Returns true() if the styled element containing containing specified node uses a monospaced font. Parameter node defaults to the styled element containing the context node. Examples: monospaced-font-family() returns false(), monospaced-font-family(.//html:b) returns false(). Returns false() when this cannot be determined.

number f:parse-list-value(ol_type, pattern, value, start)

Parses label value (e.g. "III.D.") of a list item using the format specified by the combination of ol_type ("1", "a", "A", "i", "II") and pattern (e.g. "%1)", "%1.%2.") Returns the number corresponding to the label. Returns start (e.g. 1) when the label cannot be parsed. Examples: parse-list-value("A", "%1.%2.", "III.D.", 1) returns 4; parse-list-value("1", "%1)", "(two)", 0) returns 0.

number f:percent(percent)

Converts percent to a number. Example: percent("10%") returns 10. Returns NaN when the conversion fails.

number f:pc(number)

Converts number, a number expressed in pica, to points. Example: pc(10) returns 120. Returns NaN when the conversion fails.

number f:pt(number)

Converts number, a number expressed in points, to points. Example: pt(10) returns 10. Returns NaN when the conversion fails.

number f:px(number)

Converts number, a number expressed in pixels, to points, using a 96DPI resolution. Example: px(100) returns 75. Returns NaN when the conversion fails.

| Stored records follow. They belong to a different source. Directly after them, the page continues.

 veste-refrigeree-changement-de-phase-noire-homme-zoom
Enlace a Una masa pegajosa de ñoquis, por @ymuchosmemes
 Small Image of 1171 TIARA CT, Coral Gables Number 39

number f:vertical-align(node?)

Returns the vertical align, an offset from the baseline expressed in points, of the styled element containing containing specified node. Parameter node defaults to the styled element containing the context node. Examples: vertical-align() returns -3, vertical-align(.//html:p) returns -3. Returns NaN when the vertical align cannot be determined or is a keyword (sub, super) and not a length or percentage.

1.2.3. Transform stylesheets

Note

The documentation found in this section is currently insufficient to be able to parameterize and/or customize the transform stylesheets. For now, you'll have to read the XSLT 1.0 source of these stylesheets. All these stylesheets are found in addon_install_dir/xslt/.

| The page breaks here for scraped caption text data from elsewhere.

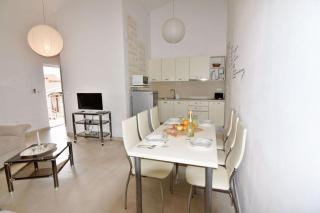 Ideal getaway flat with pool and rumpus room - 6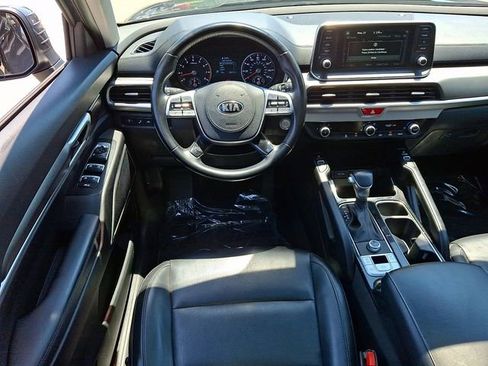 Used 2021 Kia Telluride S FWD image 13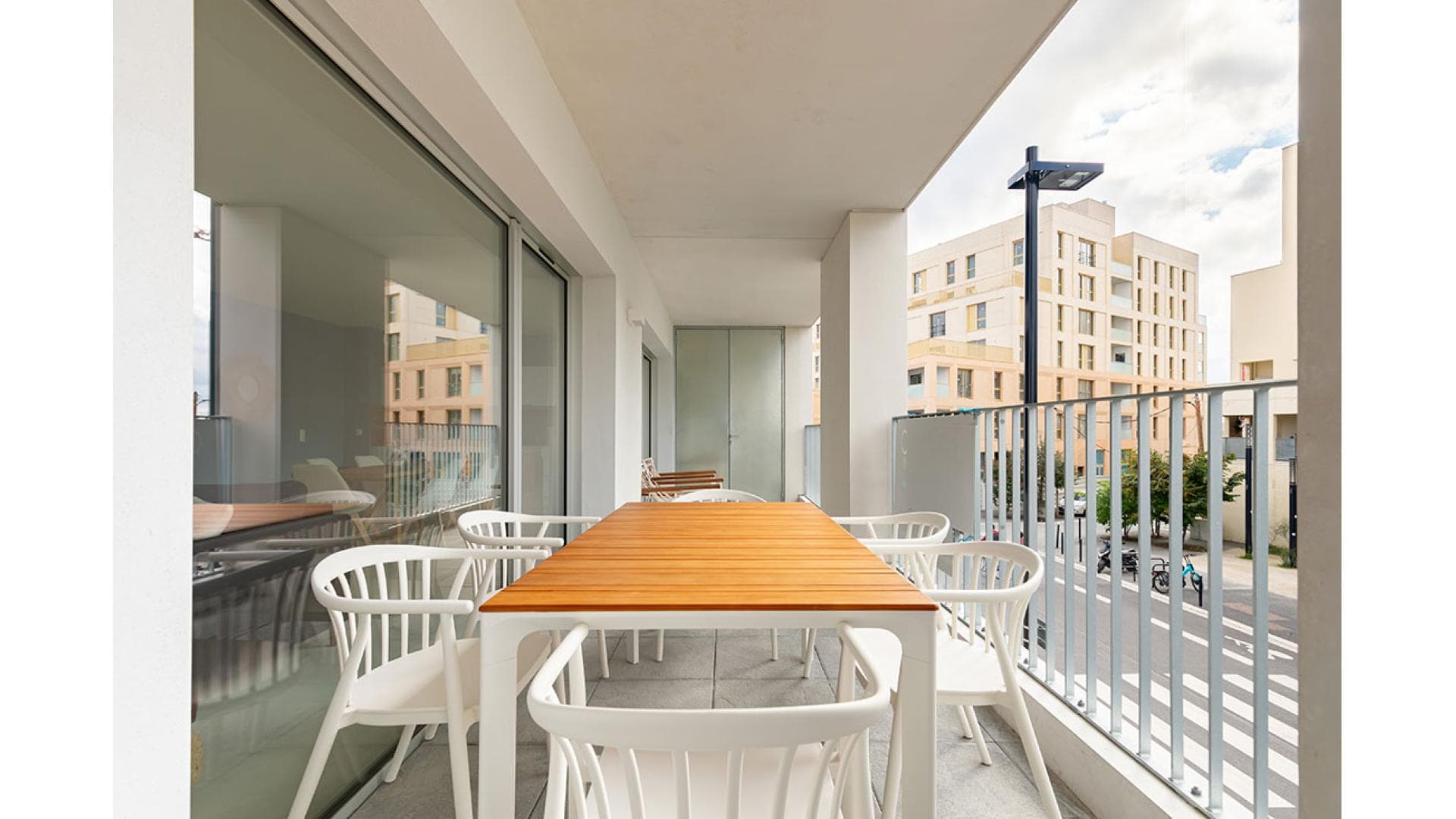 Bordeaux — Située dans le quartier de La Bastide à Bordeaux, cette résidence à taille humaine propose 27 logeme... — Miniature 14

addon_install_dir/xslt/docbook5.xslt

Converts the "XHTML 1.0 Transitional" document created during phase #2 to a DocBook 5 document.

addon_install_dir/xslt/docbook.xslt

Converts the "XHTML 1.0 Transitional" document created during phase #2 to a DocBook 4 document.

addon_install_dir/xslt/topic.xslt

Converts the "XHTML 1.0 Transitional" document created during phase #2 to a DITA topic.

addon_install_dir/xslt/xhtml1_1.xslt

Converts the "XHTML 1.0 Transitional" document created during phase #2 to an XHTML 1.1 document.

addon_install_dir/xslt/xhtml5.xslt

Converts the "XHTML 1.0 Transitional" document created during phase #2 to an XHTML 5 document.

addon_install_dir/xslt/xhtml_loose.xslt

Converts the "XHTML 1.0 Transitional" document created during phase #2 to a completely structured "XHTML 1.0 Transitional" document.

addon_install_dir/xslt/xhtml_strict.xslt

Converts the "XHTML 1.0 Transitional" document created during phase #2 to an "XHTML 1.0 Strict" document.

1.2.4. Engine options

Process options:

-p name value

Set parameter name to value.

Parameters starting with "transform." are passed to the XSLT stylesheet, if any, after removing the "transform." prefix. All the other parameters are passed as is to the main .xed script, if any.

-pu name URL_or_file

Same as "-p", except that parameter value URL_or_file is first converted to an URL.

URL_or_file is an URL or an absolute or relative (to current working directory) filename.

-s xed_URL_or_file

Specifies which main .xed script to use to modify the document.

Specify an empty string ("") to suppress the edit phase.

Default script: paste-from-word:xed/main.xed.

-t xslt_URL_or_file

Specifies which XSLT 1.0 stylesheet to use to transform the document.

Specify an empty string ("") to suppress the transform phase.

Process options modifying default script "paste-from-word:xed/main.xed":

-parse

Save XHTML without fully processing it. (Stop processing after edit step "styles".)

-i step xed_URL_or_file

Insert script before .xed step.

-a step xed_URL_or_file

Add script after .xed step.

-r step xed_URL_or_file

Replace step by .xed script.

Step may be a single step name or a range: "first..last" or "..last" or "first..".

-d step

Delete step.

Step may be a single step name or a range.